Leaving out the pictures, return word for word the stretch of entries below from the line holding "So as promised, a" through the line holding "If you still".

(Beginning of Recorded data)

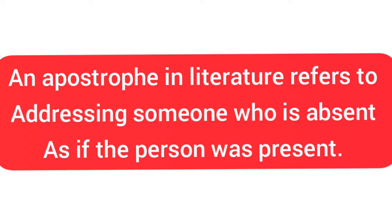Many of us are familiar with using apostrophe without realizing it. An apostrophe occurs when we address our pens not to stop writing in the exam hall, or we get a social media message from someone and start responding out loud, knowing very well that the person can't hear us.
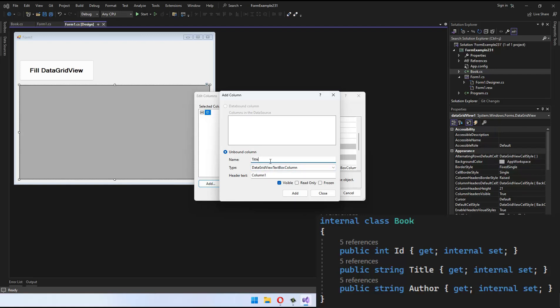In the Edit Columns panel, to get started, click the Add button and provide the name and header text information according to the fields in the book class.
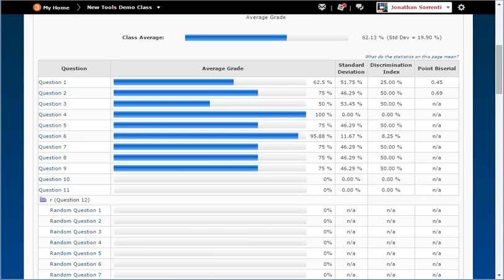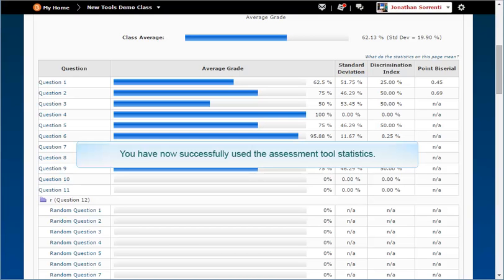What does this mean to you? This means that you can look through the assessment information and search for negative or low discrimination indexes and point by serials. When you find them, first check your answer key to see if it is correct. Next, check the wording of the question to see if it can be improved. You have now successfully used the assessment tool statistics.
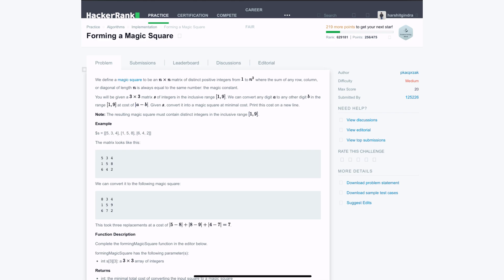Hello everyone. In this video we will be solving a medium level problem from HackerRank: Forming a Magic Square. The problem statement is we will be given a magic square with a list of integers from 1 to 9 ordered in a 3 by 3 matrix. We need to convert it into a magic square where the sum of all lines — horizontal, vertical and diagonal — is the same, with the minimum number of changes.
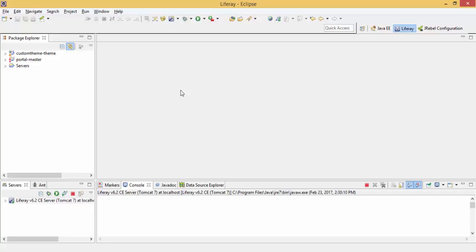Hello friends. In this video, we will see how we can write Struts action hook in Liferay 6.2.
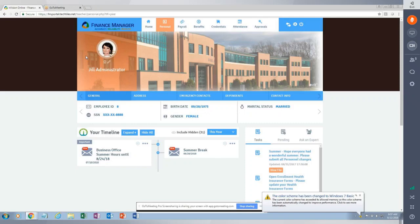I'm logged in as Jill Administrator. Down below, I can see a timeline and tasks. The idea behind the timeline is that an administrator of the portal can push out a timeline entry to one employee, a group of employees based on Envision Employee Group, or the whole district. Here I have timeline entries for summer break and business hours over the summer, and clicking expand gives additional information on each entry.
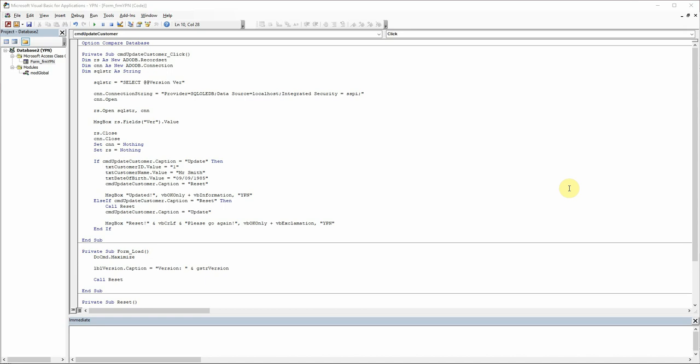So as promised, a couple of years ago now—I'm so sorry—we're going to take a look at populating our text boxes from the database using our connection string.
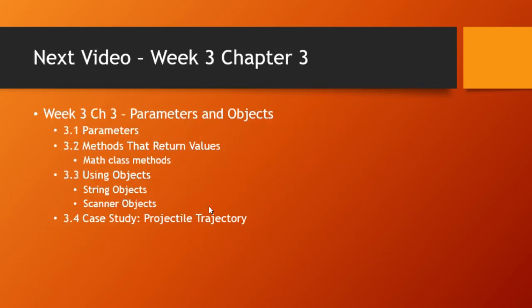And just a preview for next week, we're going to be talking about parameters and objects, objects that you will create. Well, actually objects that are predefined for you, the string and scanner objects, and also the math class methods. So these are things that we use pretty much the entire rest of the course, so they're really important that you learn.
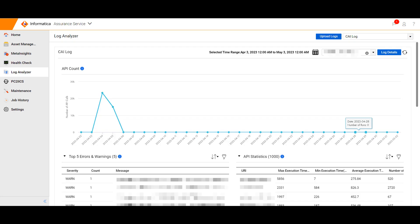Users can now analyze CAI logs in the assurance service log analyzer. The organization's CAI log file analysis over the selected time range is summarized on the CAI log dashboard.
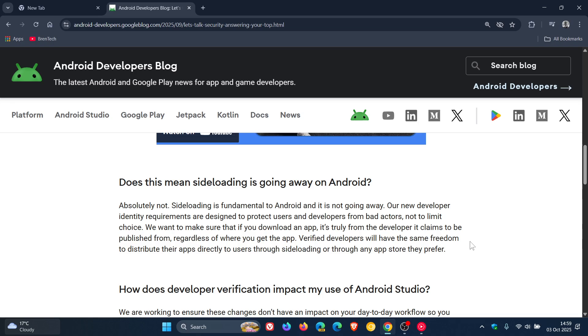We want to make sure that if you download an app, it's truly from the developer it claims to be published from, regardless of where you get the app. Verified developers will have the same freedom to distribute their apps directly to users through side-loading or through any app store they prefer. So that's according to Google.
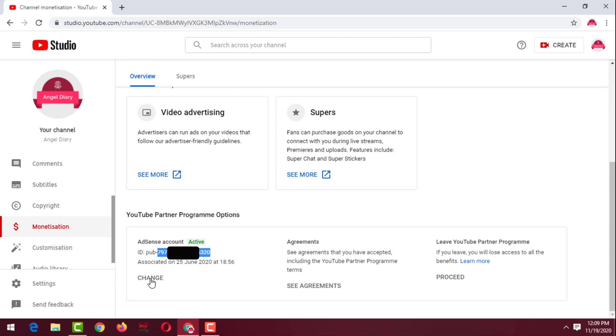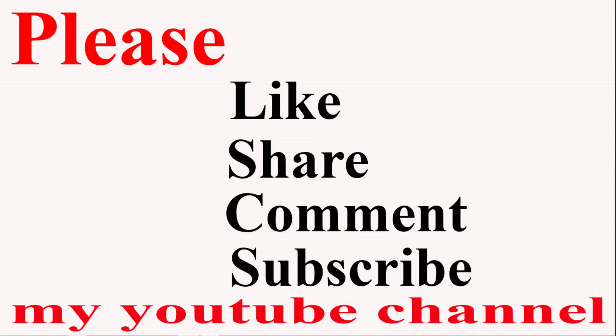If you still have any confusion, feel free to ask me in the comment box — I'll try to answer as soon as possible. If this video was helpful, please like, share, comment, and especially subscribe to my YouTube channel. Thank you for watching. Take care.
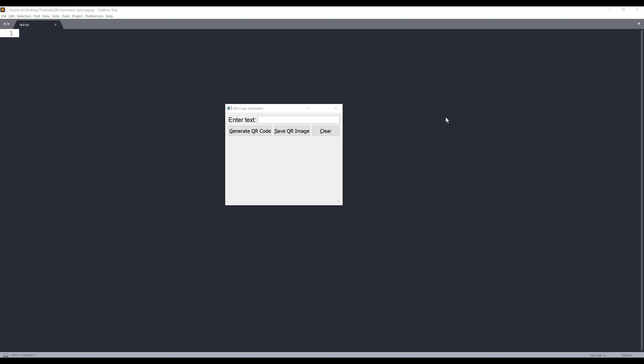Hey, how's it going guys? Welcome to another Python tutorial video. My name is Jay. In this tutorial, we're going to learn how to create a QR code generator application.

(End of Recorded data)

§ Solution:
So as promised, a couple of years ago now—I'm so sorry—we're going to take a look at populating our text boxes from the database using our connection string.
And just a preview for next week, we're going to be talking about parameters and objects, objects that you will create. Well, actually objects that are predefined for you, the string and scanner objects, and also the math class methods. So these are things that we use pretty much the entire rest of the course, so they're really important that you learn.
Users can now analyze CAI logs in the assurance service log analyzer. The organization's CAI log file analysis over the selected time range is summarized on the CAI log dashboard.
We want to make sure that if you download an app, it's truly from the developer it claims to be published from, regardless of where you get the app. Verified developers will have the same freedom to distribute their apps directly to users through side-loading or through any app store they prefer. So that's according to Google.
If you still have any confusion, feel free to ask me in the comment box — I'll try to answer as soon as possible. If this video was helpful, please like, share, comment, and especially subscribe to my YouTube channel. Thank you for watching. Take care.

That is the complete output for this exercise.